### ASSIGNMENT
What is needed is an exact copy of the whole listing below, with no pictures.

*** Opening of RAW DATA ***

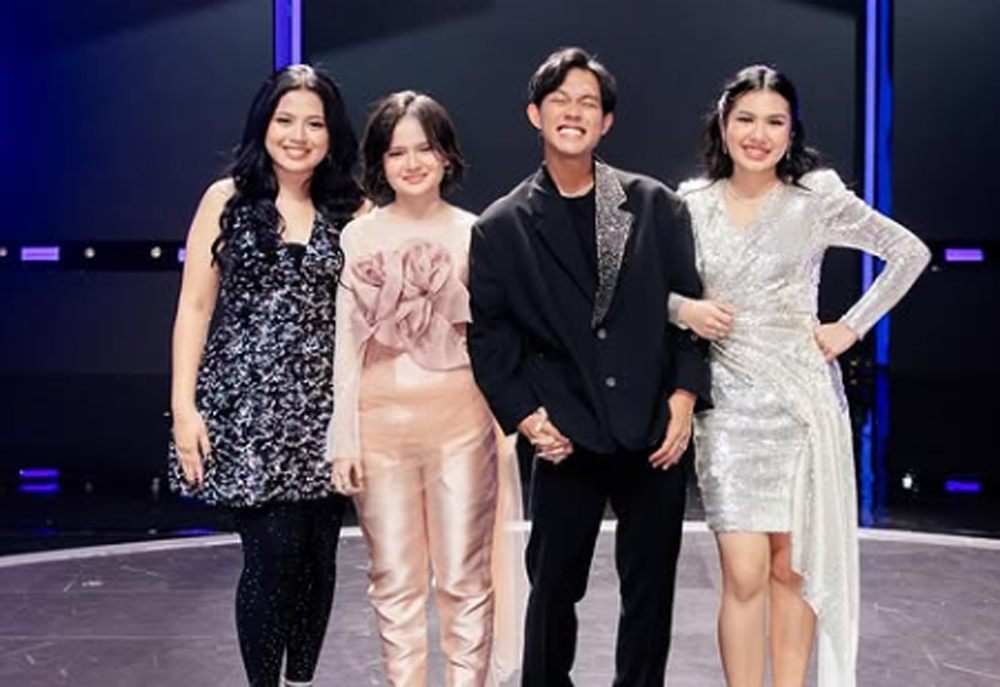Vanessa Zee bersama 3 kontestan lainnya yang lolos Indonesian Idol 2025 babak Spektakuler Show 10, Senin (21/4/2025) malam.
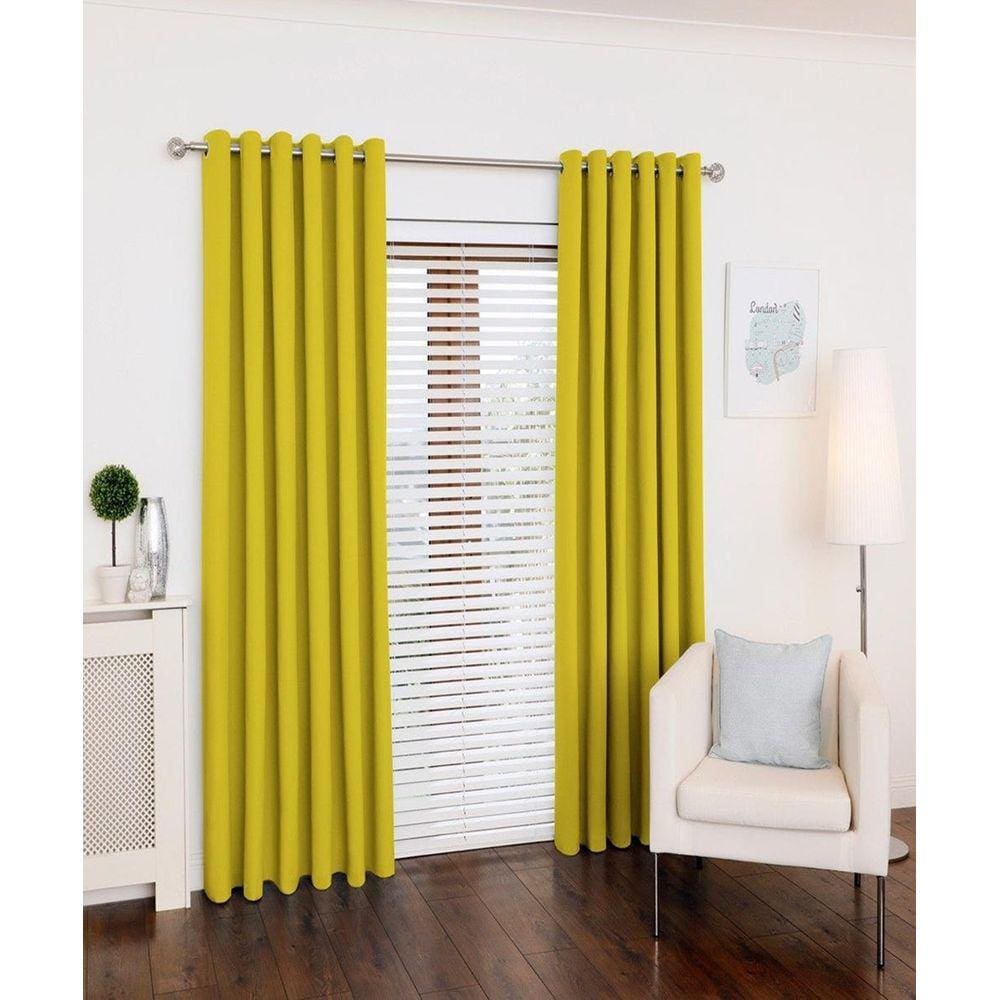 Cortina Lana Amarelo-Canário Oxford 300X180 Para Sala/Quarto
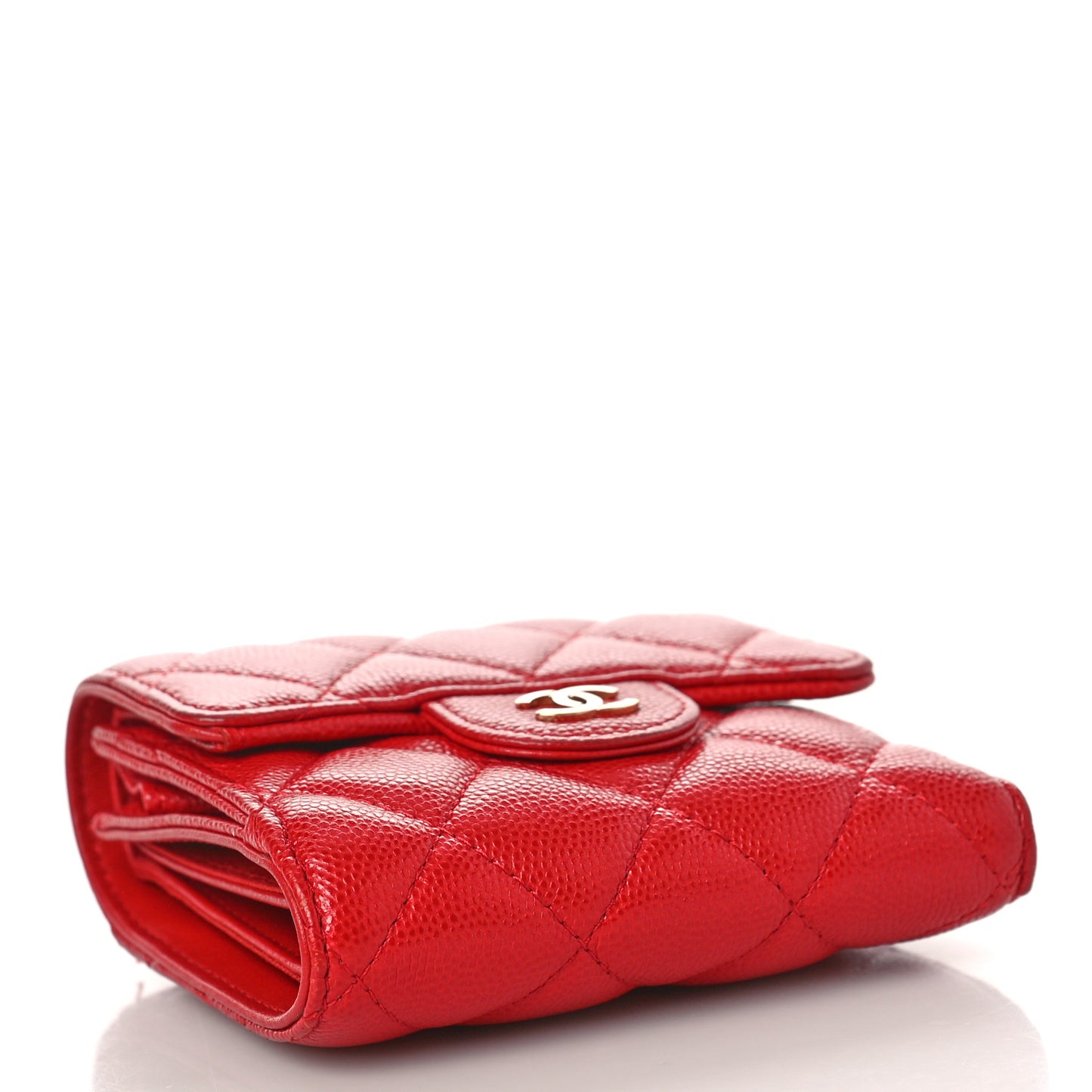 Caviar Quilted Compact Flap Wallet Red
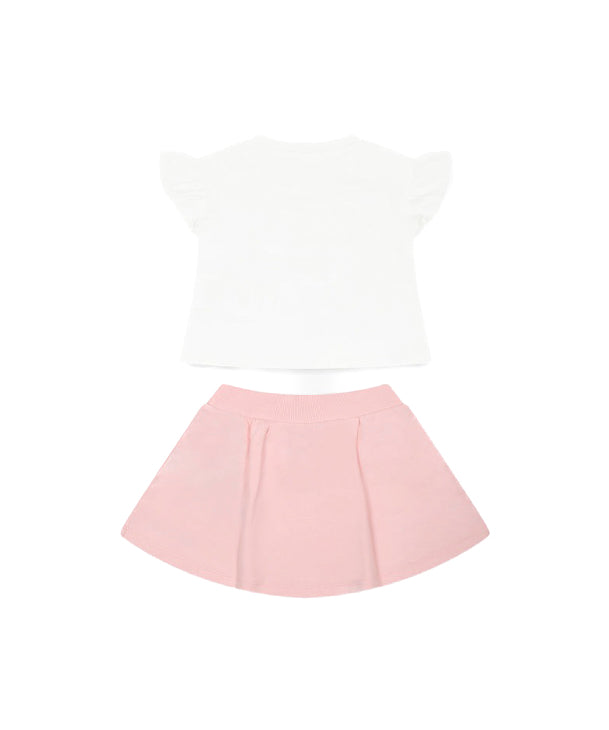 Moschino Kids T-shirt Panna con Stampa con Gonna per Neonate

*** Close of RAW DATA ***

### YOUR RESPONSE
Vanessa Zee bersama 3 kontestan lainnya yang lolos Indonesian Idol 2025 babak Spektakuler Show 10, Senin (21/4/2025) malam.
 Cortina Lana Amarelo-Canário Oxford 300X180 Para Sala/Quarto
 Caviar Quilted Compact Flap Wallet Red
 Moschino Kids T-shirt Panna con Stampa con Gonna per Neonate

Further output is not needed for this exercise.